Performance decrease on other NUMA node

Hallo Mellanox Community,

I observe a performance decrease by ~15% if I plug in my Connect X5 CX556A into a PCIe slot belonging to numa node1. On node0 I get better results.

But I remember a test some month ago I saw the performance penalty on node0 (on the same machine) and node1 works perfect. So I am assuming it is not caused by the HW (or by other PCIe components) itself.

Is their any Mellanox configuration in the driver about numa nodes ?

I am using a DPDK application.

My command on numa node1:

“l3fwd-bounce -v -w 0000:d8:00.0 --socket-mem=0,16384 -l 1,5,9,49,53,57 – -p 0x1 --config ‘(0,0,1),(0,1,49),(0,2,5),(0,3,53),(0,4,9),(0,5,57)’ -P”

My command on numa node0:

"l3fwd-bounce -v -w 0000:3b:00.0 --socket-mem=16384,0 -l 4,8,10,52,56,58 – -p 0x1 --config ‘(0,0,4),(0,1,52),(0,2,8),(0,3,56),(0,4,10),(0,5,58)’ -P "

All used cores are isolated (isolcpus).

Do you have any hints for me, how I can come to better results ?

I found a suspicious behavior in the frame balancing of the Mellanox card into the 6 queues.
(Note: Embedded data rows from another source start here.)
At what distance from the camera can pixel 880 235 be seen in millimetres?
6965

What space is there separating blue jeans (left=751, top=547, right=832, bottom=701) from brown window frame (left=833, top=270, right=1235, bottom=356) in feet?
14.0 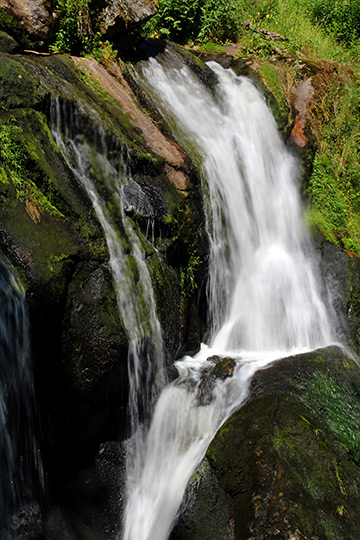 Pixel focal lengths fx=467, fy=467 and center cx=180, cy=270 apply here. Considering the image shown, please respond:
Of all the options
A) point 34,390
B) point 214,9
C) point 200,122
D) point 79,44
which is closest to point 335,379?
point 34,390

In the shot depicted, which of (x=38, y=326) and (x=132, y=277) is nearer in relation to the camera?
(x=38, y=326)

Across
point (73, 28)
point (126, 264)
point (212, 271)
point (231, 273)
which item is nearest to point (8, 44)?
point (73, 28)

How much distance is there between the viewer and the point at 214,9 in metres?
11.6

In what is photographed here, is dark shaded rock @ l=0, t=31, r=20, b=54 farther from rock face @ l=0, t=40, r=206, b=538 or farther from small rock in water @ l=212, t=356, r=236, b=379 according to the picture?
small rock in water @ l=212, t=356, r=236, b=379

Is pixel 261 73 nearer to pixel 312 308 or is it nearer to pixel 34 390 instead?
pixel 312 308

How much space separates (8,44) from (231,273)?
170 inches

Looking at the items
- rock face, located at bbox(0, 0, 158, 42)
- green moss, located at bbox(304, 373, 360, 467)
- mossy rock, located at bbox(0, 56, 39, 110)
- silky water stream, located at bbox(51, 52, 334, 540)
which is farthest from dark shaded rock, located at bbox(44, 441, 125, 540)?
rock face, located at bbox(0, 0, 158, 42)

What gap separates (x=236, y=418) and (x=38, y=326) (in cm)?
203

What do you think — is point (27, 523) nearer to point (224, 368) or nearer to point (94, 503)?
point (94, 503)

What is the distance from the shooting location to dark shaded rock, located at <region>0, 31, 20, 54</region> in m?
5.90

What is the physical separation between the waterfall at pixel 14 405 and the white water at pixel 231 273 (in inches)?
42.2

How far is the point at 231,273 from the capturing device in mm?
7113

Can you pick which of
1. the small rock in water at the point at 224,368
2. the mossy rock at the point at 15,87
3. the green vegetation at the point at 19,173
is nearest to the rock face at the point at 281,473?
the small rock in water at the point at 224,368

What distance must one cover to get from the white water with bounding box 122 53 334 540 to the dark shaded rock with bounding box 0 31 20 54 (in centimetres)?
235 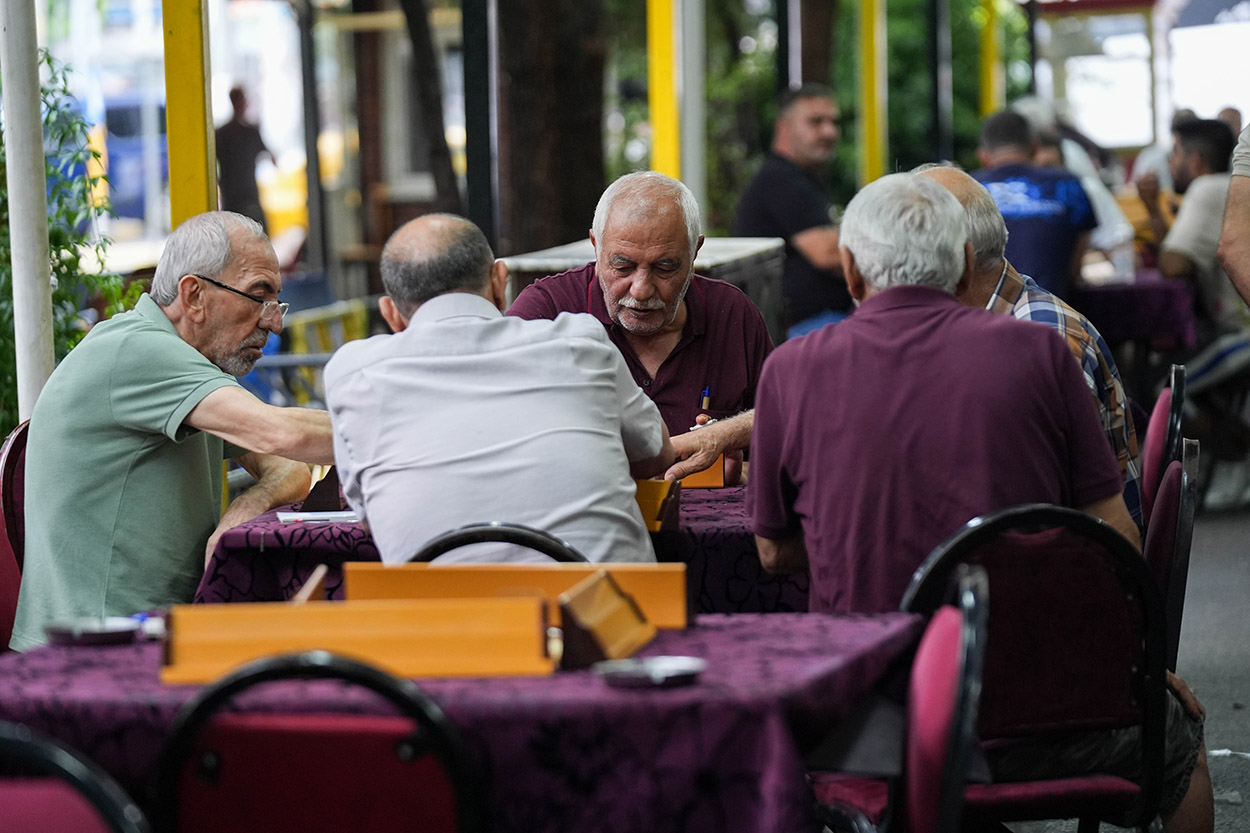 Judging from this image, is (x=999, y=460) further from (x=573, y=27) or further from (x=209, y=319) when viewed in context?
(x=573, y=27)

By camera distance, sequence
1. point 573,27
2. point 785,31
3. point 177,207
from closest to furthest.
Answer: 1. point 177,207
2. point 573,27
3. point 785,31

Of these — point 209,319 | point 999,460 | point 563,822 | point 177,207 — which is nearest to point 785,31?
point 177,207

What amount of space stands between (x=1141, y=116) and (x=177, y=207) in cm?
1657

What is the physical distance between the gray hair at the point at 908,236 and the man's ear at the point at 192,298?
1.47m

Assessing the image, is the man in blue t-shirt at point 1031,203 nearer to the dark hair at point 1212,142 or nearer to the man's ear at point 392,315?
the dark hair at point 1212,142

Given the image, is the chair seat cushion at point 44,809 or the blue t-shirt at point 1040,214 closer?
the chair seat cushion at point 44,809

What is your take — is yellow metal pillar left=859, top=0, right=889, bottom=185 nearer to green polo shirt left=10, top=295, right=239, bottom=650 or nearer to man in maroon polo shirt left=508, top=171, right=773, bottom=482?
man in maroon polo shirt left=508, top=171, right=773, bottom=482

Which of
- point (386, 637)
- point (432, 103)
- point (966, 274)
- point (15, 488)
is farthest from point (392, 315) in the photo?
point (432, 103)

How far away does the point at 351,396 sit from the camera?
267cm

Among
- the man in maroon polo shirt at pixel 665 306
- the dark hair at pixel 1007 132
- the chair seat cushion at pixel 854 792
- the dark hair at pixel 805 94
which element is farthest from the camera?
the dark hair at pixel 805 94

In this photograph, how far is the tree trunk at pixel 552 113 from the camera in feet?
28.8

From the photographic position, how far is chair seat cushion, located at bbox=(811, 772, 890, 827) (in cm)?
238

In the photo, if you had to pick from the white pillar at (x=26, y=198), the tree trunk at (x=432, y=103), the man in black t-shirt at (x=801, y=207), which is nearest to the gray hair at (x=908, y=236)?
the white pillar at (x=26, y=198)

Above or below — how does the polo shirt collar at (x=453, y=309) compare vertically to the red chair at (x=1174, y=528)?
above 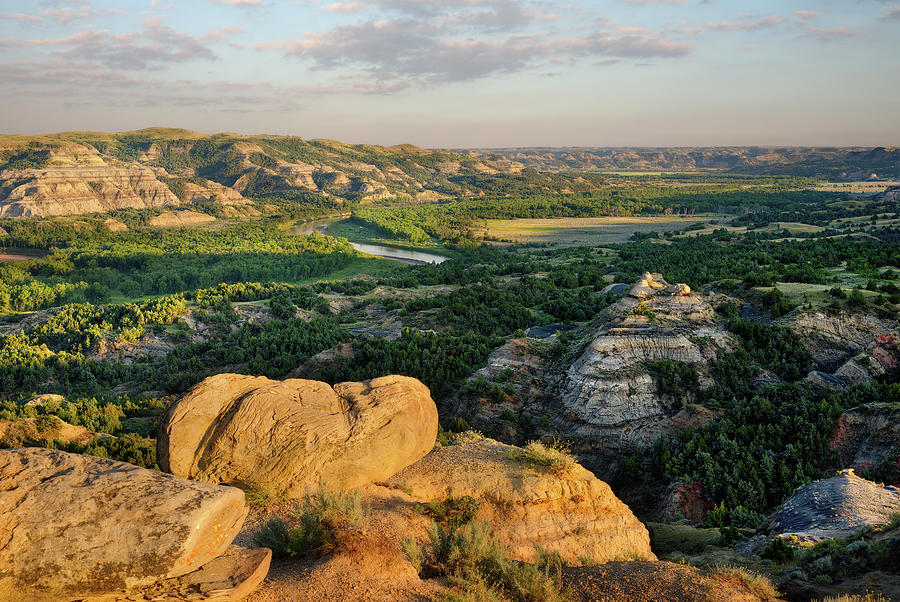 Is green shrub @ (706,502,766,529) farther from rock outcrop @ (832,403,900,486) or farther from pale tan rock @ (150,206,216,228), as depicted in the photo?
pale tan rock @ (150,206,216,228)

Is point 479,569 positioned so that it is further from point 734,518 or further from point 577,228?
point 577,228

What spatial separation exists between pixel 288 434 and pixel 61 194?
210584 mm

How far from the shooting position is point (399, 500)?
1620 centimetres

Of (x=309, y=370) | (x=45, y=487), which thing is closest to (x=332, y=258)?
(x=309, y=370)

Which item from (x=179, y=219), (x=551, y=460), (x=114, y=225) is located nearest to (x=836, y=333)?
(x=551, y=460)

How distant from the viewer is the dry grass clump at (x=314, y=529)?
1215 centimetres

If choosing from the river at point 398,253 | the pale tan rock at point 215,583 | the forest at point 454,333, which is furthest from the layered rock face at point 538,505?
the river at point 398,253

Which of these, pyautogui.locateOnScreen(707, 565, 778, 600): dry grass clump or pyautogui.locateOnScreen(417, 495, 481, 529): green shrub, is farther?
pyautogui.locateOnScreen(417, 495, 481, 529): green shrub

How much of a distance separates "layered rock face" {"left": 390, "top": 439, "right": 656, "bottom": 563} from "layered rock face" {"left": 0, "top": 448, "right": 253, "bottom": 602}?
8.32 metres

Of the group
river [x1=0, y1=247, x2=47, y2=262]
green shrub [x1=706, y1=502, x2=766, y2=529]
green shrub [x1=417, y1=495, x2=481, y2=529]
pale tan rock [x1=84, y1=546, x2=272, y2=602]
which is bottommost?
green shrub [x1=706, y1=502, x2=766, y2=529]

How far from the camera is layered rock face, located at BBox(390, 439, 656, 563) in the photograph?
1587 centimetres

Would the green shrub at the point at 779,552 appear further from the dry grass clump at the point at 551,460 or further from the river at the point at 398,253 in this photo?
the river at the point at 398,253

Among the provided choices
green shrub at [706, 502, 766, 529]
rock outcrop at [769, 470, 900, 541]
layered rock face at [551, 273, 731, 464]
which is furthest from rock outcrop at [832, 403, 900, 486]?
layered rock face at [551, 273, 731, 464]

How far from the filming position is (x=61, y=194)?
581ft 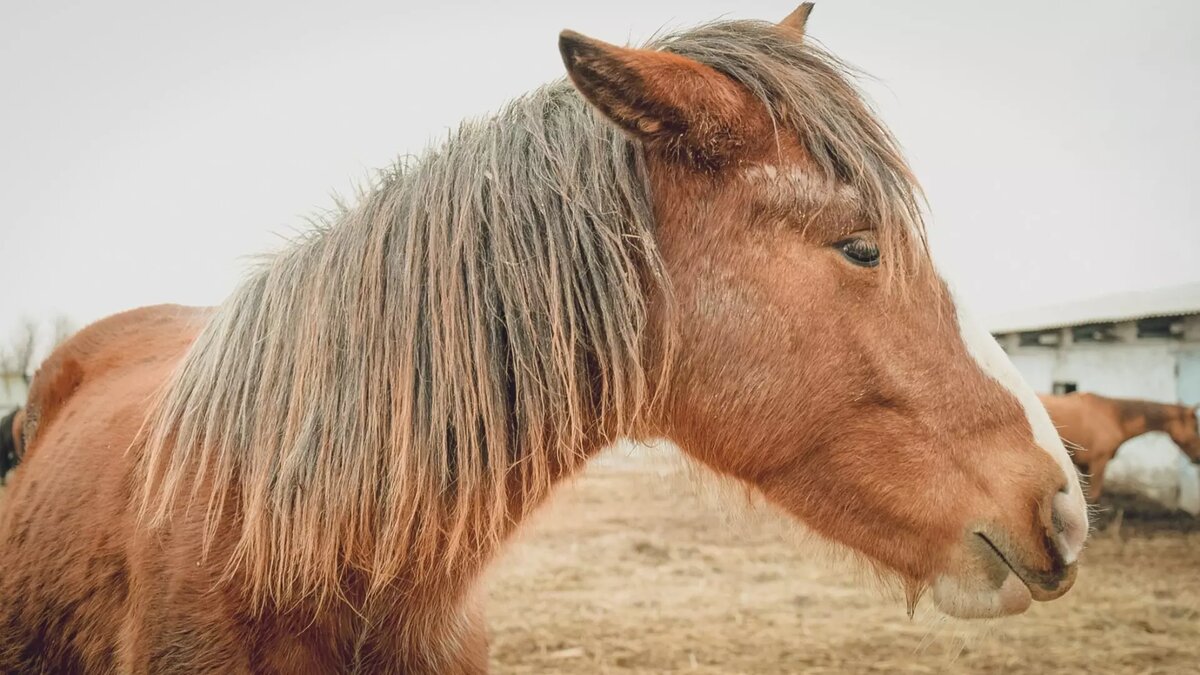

Queue 1 seems to get only few packets.

Command:

l3fwd-bounce -v -w 0000:d8:00.0 --socket-mem=0,16384 -l 1,5,9,49,53,57 – -p 0x1 --config ‘(0,0,1),(0,1,49),(0,2,5),(0,3,53),(0,4,9),(0,5,57)’ -P

core 1: received 124389578, sent 124389578, empty rx bursts 141061256

core 5: received 796841776, sent 796841776, empty rx bursts 1024321074

core 9: received 796847260, sent 796847260, empty rx bursts 1022132414

core 49: received 806257286, sent 806257286, empty rx bursts 1389903566

core 53: received 796918078, sent 796918078, empty rx bursts 1034221027

core 57: received 796925370, sent 796925370, empty rx bursts 1025396356

port 0: received 4118179348 packets (1054253913088 bytes); sent 4118179348 packets (1037781195696 bytes)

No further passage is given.